Lalit Hari Ayurvedic Pharmacy vs Lalit Hart Ayurvedic Pharmacy
Rewritten Version Notice: This is a rewritten version of the original judgment.
Court: Supreme Court of India
Case Number: Not extracted
Decision Date: 29 January, 1960
Coram: P.B. Gajendragadkar, K. Subba Rao, K.C. Das Gupta
In the case titled Lalit Hari Ayurvedic College Pharmacy versus Lalit Hart Ayurvedic College Pharmacy, decided on 29 January 1960, the Supreme Court of India delivered a judgment authored by Justice P B Gajendragadkar, with Judges K Subba Rao and K C Das Gupta forming the bench. The matter came before the Court on a petition for special leave to appeal an award that arose out of an industrial dispute between the appellant, Lalit Hari Ayurvedic College Pharmacy located in Pilibhit, and the respondent, L H Ayurvedic College Pharmacy Workers’ Union, also based in Pilibhit. The dispute originated when the appellant terminated the employment of Mr Mahesh Chandra Sharma, who had been working as a clerk. The respondent contested the termination on the ground that it was unjustified and illegal. The grievance was referred by the parties to the State Government of Uttar Pradesh for adjudication. The tribunal appointed by the State Government examined the dispute and held that it fell within the definition of an industrial dispute. In doing so, the tribunal rejected the appellant’s objection that the activity carried on by the pharmacy did not constitute an “industry” within the meaning of Section 2(j) of the Industrial Disputes Act. Upon further examination, the tribunal found that the dismissal of Mr Sharma was unlawful and consequently ordered that he be reinstated to his former position.
The appellant subsequently challenged the tribunal’s award before the Labour Appellate Tribunal. The appeal was dismissed and the award was confirmed. The record indicates that the appellant raised only a single substantive question before the appellate body, namely whether the matter in controversy qualified as an industrial dispute; the merits of the award itself were not contested. The Labour Appellate Tribunal evaluated the nature of the appellant’s operations and observed that the pharmacy administered by the appellant sold Ayurvedic medicines in the open market, generating revenue of approximately one lakh rupees per year. It further noted that the hospital operated by the appellant consumed about thirty percent of the medicines produced in the pharmacy, while the remaining seventy percent were sold commercially. The Tribunal rejected the appellant’s contention that the hospital activity did not amount to an industry and also dismissed the argument that both the pharmacy and the hospital were operated solely for the benefit of the students.

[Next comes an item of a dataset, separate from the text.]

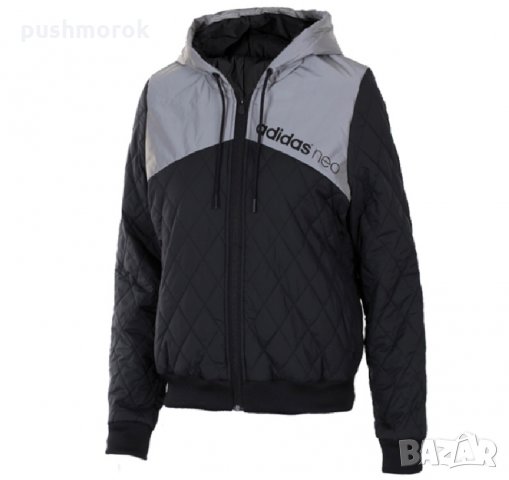 Adidas NEO Reflective Mens Jacket, снимка 1 - Якета - 31459195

Although the Tribunal acknowledged that students might occasionally be taken to the pharmacy to observe large‑scale production processes, it held that the primary purpose of the pharmacy was the manufacture of Ayurvedic medicines for sale, not for instructional purposes. On the basis of these findings, the Tribunal affirmed the earlier tribunal’s conclusion that the pharmacy constituted an industry under Section 2(j). The Court further referred to the precedent set in State of Bombay v The Hospital Mazdoor Sabha, Civil Appeal No 712 of 1957, which declared that the operation of hospitals is an industry within the meaning of the same provision.
In this case the Court observed that the decision rendered in 1957, which was pronounced today, held that the operation of hospitals falls within the meaning of an industry under Section 2(j) of the Industrial Disputes Act. The learned Solicitor‑General, who appeared on behalf of the appellant, admitted that if the Court accepts that proposition, there is nothing further that can be argued in the present appeal. Nevertheless, the Solicitor‑General sought to contend that the Labour Appellate Tribunal, in reaching its ultimate conclusion, had relied upon evidence that originated in a separate arbitration proceeding and that such evidence was not part of the record of the current proceedings. The Court considered that even assuming the contention about the extraneous evidence were correct, it would not alter the ultimate outcome of the appeal. On the basis of the material facts that have been established, there is no doubt that the appellant’s activity constitutes an “undertaking” within the meaning of Section 2(j). The Court further clarified that it is not required in these proceedings to decide whether the operation of an educational institution, in itself, would qualify as an industry under the Industrial Disputes Act. Consequently, the Court dismissed the appeal, ordered that it fail, and awarded costs to the respondent.